There’s an element almost disconnected from the main plot that makes repeated appearances: Janis’ grandfather was executed by Franco’s fascist forces during the Spanish Civil War, and she doesn’t know where his body was buried. Her baby daddy is a forensic archaeologist who helps locate unmarked graves to give families peace of mind. I’m sure in Almodóvar’s mind the connection is clear (intergenerational trauma can shape people’s lives decades later). But for me, it felt like filler. The movie’s final image has more cheese than a plate of nachos supreme at Taco Bell.
Penélope Cruz prevents Parallel Mothers from being a train wreck, and she may get an Oscar nomination for her troubles. She makes Janis’ emotional journey somewhat believable, no matter how disjointed the plot becomes. Almodóvar veteran Rossy De Palma and Spanish cinema mainstay Aitana Sánchez-Gijón are on hand to provide some colour to an otherwise flat melodrama.
An indicator of how haphazardly this movie is put together is the number of brusque time jumps from sequence to sequence.
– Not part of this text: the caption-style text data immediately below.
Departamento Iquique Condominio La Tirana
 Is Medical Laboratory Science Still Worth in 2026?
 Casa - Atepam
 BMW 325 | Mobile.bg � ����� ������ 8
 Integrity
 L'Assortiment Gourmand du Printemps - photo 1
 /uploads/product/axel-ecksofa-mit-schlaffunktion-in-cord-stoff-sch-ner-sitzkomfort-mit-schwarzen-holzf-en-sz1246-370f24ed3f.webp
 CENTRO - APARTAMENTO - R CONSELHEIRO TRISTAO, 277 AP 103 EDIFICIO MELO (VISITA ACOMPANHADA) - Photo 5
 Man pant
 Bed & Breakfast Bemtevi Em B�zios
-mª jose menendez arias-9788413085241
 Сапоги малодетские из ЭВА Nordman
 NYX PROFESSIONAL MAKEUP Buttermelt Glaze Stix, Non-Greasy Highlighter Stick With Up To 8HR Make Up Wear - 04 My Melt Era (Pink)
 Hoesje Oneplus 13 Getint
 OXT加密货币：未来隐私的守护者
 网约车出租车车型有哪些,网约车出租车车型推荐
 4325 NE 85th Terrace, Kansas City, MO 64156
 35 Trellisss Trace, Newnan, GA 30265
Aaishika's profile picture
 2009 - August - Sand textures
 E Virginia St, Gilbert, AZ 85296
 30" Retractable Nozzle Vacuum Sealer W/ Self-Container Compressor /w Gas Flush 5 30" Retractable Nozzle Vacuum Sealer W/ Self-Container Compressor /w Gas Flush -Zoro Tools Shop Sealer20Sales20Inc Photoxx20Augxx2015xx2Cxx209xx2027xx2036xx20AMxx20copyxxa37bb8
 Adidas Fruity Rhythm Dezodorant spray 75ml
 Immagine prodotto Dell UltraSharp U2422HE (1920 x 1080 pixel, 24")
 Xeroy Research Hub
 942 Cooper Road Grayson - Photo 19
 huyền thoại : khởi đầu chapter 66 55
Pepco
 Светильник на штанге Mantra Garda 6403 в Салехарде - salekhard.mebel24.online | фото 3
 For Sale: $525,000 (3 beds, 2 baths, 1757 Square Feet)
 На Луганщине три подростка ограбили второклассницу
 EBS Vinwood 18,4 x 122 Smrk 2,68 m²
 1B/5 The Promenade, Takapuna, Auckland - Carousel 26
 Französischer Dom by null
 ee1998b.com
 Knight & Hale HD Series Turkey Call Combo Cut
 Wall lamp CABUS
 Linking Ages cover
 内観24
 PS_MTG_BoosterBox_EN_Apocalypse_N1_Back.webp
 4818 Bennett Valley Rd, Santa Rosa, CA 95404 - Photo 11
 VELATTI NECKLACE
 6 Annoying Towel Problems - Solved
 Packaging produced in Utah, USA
I don’t believe in treating audiences like toddlers who can barely grasp the notion of a structured narrative, but Parallel Mothers just feels lazy, like Almodóvar couldn’t be bothered to come up with a transition.
A lesson for you, kids: just because you’re known to be prolific, you don’t need to make a movie every one or two years. Odds are if you rush one, it will be a clunker. Just ask Woody Allen.